§ To do
Below this sentence is a listing; return exactly its lines from the one with "Set of Realistic" to the one with "PARACHASE Легкий ветрозащитный", both kept, and nothing more.

§ Material provided

..........

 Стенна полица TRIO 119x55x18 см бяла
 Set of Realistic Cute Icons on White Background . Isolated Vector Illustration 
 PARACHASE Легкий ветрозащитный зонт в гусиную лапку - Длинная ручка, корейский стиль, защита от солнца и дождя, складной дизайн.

..........

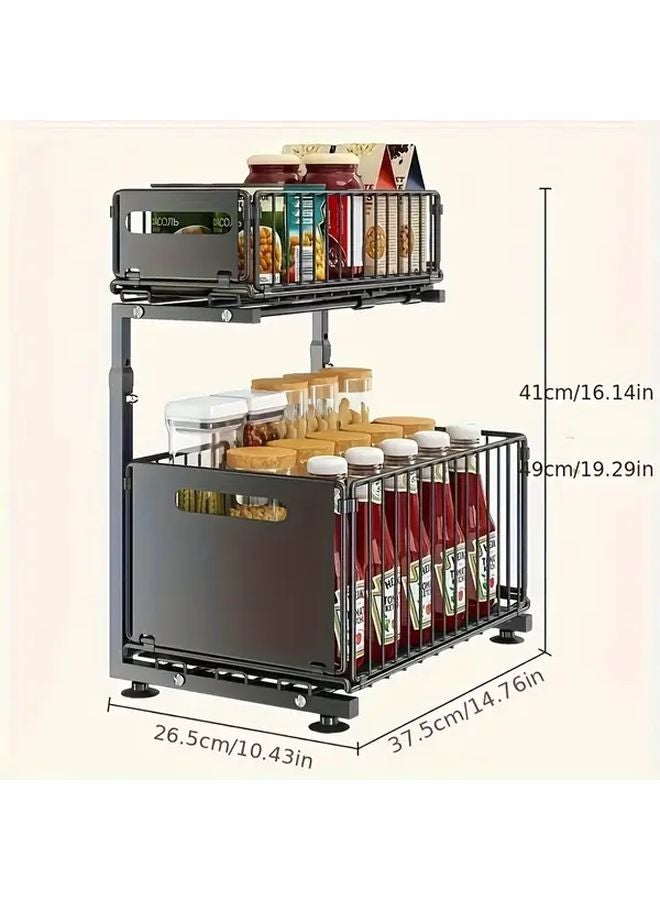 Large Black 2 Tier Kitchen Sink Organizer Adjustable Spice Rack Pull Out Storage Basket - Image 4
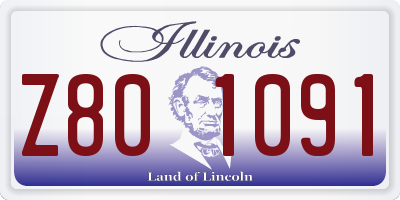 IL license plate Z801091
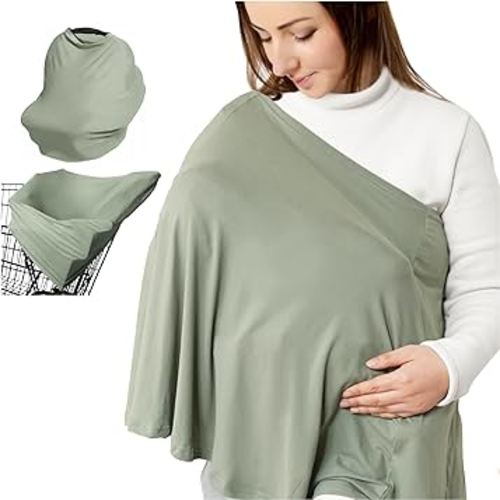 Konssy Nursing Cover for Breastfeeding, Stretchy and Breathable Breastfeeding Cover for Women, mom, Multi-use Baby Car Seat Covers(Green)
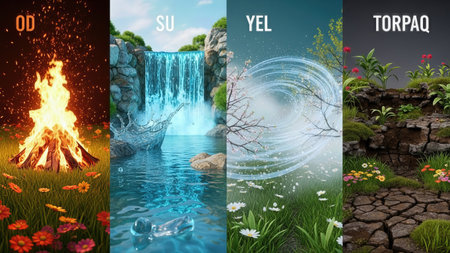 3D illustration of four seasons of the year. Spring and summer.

..........

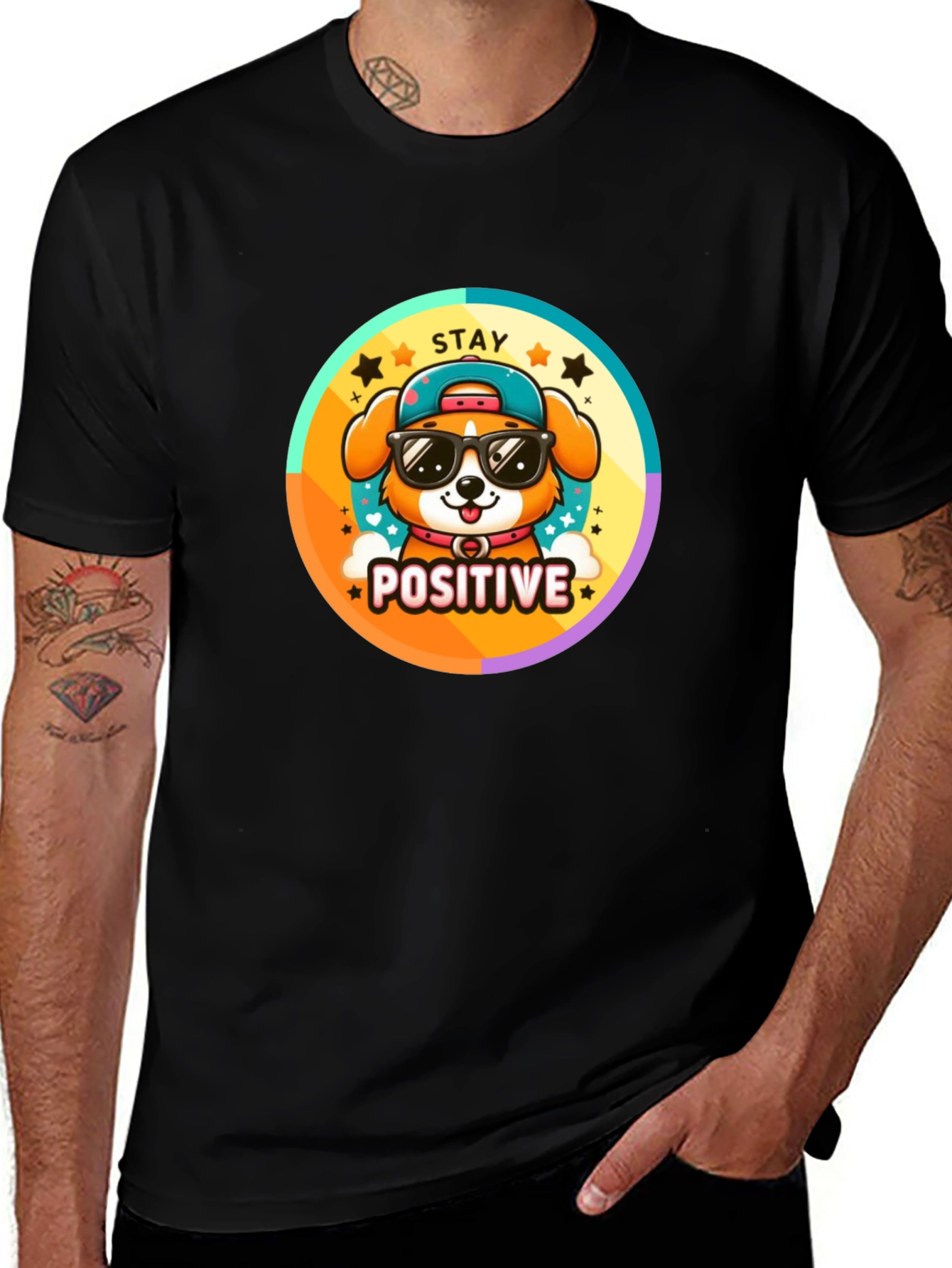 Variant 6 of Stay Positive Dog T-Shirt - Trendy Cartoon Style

..........

§ Solution to the problem
 Set of Realistic Cute Icons on White Background . Isolated Vector Illustration 
 PARACHASE Легкий ветрозащитный зонт в гусиную лапку - Длинная ручка, корейский стиль, защита от солнца и дождя, складной дизайн.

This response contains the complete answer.